The laptop compartment is padded with a dense foam and has a rigid frame around the edges to protect the computer from impact while being carried. The front and the outside edges of the pouches are also padded with the same dense foam.
The back of the laptop compartment has a zippered slip-in pouch for papers or magazines. Inside, the top of the laptop compartment has slots to hold 12 cds or dvds. The bottom of this compartment is stiff enough to support the laptop but is a bit flexible for comfort while sitting on your lap. There is padding under the stiffener to provide comfort and some heat blocking to protect your legs.
Rachel reports that the bag is stable on her lap, but she usually doesn’t use it that way. Her normal position when using her laptop is lying on her bed with the laptop sitting on the bedding. One big positive for this case is that it keeps me from nagging at her to get the laptop off the bed so it won’t overheat.
The shoulder strap is 1.5” wide and has metal clips to attach it to the bag. There are four metal rings on the bag. They are riveted to reinforce the attachment points. These rings allow the strap to be attached so you can carry the bag either horizontally or vertically. There is a grab handle on one end of the bag. The grab handle is a rounded, hard, rubbery plastic guard over a thin nylon strap. It is reinforced at the attachment points. Levenger also offers an optional mesh strap to convert your LapTrap to a backpack. The mesh strap is $10.
The storage pouches offer quite a bit of room. As I said, Rachel only wants to carry a power brick, her iPod and earbuds, and perhaps a small notebook and some pens. I carry quite a bit more in my bag, so I decided to see how much I could fit in there. In one pouch I fit a junior-sized notebook; I put some pens in the mesh pocket. In the other pouch, I stuffed in the laptop power brick, an iPod usb cable, the usb cable for my Sony PRS-505 reader, a power brick for the Sony reader, a charger for my cell phone, a travel mouse, and a usb flash drive.

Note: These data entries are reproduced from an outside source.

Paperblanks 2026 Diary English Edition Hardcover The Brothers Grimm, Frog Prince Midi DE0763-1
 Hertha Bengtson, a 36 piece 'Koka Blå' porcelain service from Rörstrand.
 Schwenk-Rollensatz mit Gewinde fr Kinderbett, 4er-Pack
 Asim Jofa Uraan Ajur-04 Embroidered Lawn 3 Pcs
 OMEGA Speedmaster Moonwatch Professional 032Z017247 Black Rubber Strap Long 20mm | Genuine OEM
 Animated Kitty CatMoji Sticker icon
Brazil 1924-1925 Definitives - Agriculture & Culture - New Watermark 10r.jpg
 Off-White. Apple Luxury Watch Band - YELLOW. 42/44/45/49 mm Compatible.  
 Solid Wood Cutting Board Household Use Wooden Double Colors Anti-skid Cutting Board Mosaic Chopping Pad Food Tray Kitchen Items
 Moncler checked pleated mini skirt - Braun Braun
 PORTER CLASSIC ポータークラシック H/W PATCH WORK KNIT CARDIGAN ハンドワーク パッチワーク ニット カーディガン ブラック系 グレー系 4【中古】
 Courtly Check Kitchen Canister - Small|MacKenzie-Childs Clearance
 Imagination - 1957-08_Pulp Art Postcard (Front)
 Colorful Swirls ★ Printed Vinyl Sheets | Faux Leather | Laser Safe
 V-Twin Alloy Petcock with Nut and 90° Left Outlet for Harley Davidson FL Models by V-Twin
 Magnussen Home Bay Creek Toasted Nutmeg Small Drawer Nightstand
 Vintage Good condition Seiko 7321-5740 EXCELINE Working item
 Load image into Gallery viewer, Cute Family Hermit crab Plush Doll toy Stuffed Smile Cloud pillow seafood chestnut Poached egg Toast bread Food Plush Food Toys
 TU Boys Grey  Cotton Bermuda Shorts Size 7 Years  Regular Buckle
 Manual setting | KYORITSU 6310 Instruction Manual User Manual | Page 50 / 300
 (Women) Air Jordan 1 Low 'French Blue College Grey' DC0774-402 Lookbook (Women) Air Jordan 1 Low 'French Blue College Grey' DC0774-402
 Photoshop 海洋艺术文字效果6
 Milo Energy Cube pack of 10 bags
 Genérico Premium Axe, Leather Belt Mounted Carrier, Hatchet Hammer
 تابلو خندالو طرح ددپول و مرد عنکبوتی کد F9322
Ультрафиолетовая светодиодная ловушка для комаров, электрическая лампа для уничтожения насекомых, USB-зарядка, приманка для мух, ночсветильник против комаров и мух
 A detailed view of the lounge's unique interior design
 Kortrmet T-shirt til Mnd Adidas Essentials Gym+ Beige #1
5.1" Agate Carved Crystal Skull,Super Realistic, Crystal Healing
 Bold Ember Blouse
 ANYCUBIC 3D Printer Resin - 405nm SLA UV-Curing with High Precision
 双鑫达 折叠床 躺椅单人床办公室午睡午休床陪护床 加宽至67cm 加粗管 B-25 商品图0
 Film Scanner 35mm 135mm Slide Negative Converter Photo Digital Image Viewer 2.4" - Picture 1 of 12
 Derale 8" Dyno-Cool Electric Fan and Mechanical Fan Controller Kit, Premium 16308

That was most everything from my bigger laptop bag, but there wasn’t really room for anything else. This pouch was very full, and I had to take everything out to find the correct cable.
I also tried my Dell Studio 15 laptop in the bag. It fit well and the strap held it securely in the laptop compartment. The Dells have a wedge shape so they are thicker back at the hinge. That shape makes it a tight fit in some bags and sleeves, but it was no problem in the LapTrap.
Now for the negatives. There is no room to use a mouse when the laptop is in this bag. That’s no problem for Rachel, who always uses the touchpad. I don’t like touchpads, so I’d need to find some place to use the mouse. If you are sitting in a chair with arms, the “saddlebags” get in the way. You can use the laptop with those pouches closed, but it will sit unevenly if the pouches aren’t packed the same. Rachel also says one end of the security strap gets in the way while using the laptop. Luckily that end of the strap has the soft, loopy Velcro, so you can tuck it into your lap without worry of damaging your clothes. And since the security strap is open, the computer isn’t secured in the case while it is being used.
All in all, the LapTrap is a good solution for Rachel’s needs. It is a good place to store her laptop when she’s not using it. It helps her laptop stay cool while she uses it everywhere but on her desk, and it provides enough room for the things she wants to take along with her. For $58, the LapTrap is a nice bag at a good price.